◆ PROVIDED DATA
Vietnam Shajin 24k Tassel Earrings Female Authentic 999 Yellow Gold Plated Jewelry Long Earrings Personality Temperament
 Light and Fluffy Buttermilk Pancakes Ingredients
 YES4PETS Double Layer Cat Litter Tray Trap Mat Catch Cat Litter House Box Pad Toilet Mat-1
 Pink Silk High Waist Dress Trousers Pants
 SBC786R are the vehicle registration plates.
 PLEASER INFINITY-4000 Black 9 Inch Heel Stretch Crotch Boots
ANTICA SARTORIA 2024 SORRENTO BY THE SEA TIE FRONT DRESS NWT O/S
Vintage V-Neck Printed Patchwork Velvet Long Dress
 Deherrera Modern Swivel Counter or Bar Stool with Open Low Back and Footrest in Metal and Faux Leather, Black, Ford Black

◆ EXERCISE PROMPT
A single number is the answer here: the count of lines in the material above holding the string "Long".

◆ ANSWER TO THIS PROBLEM
2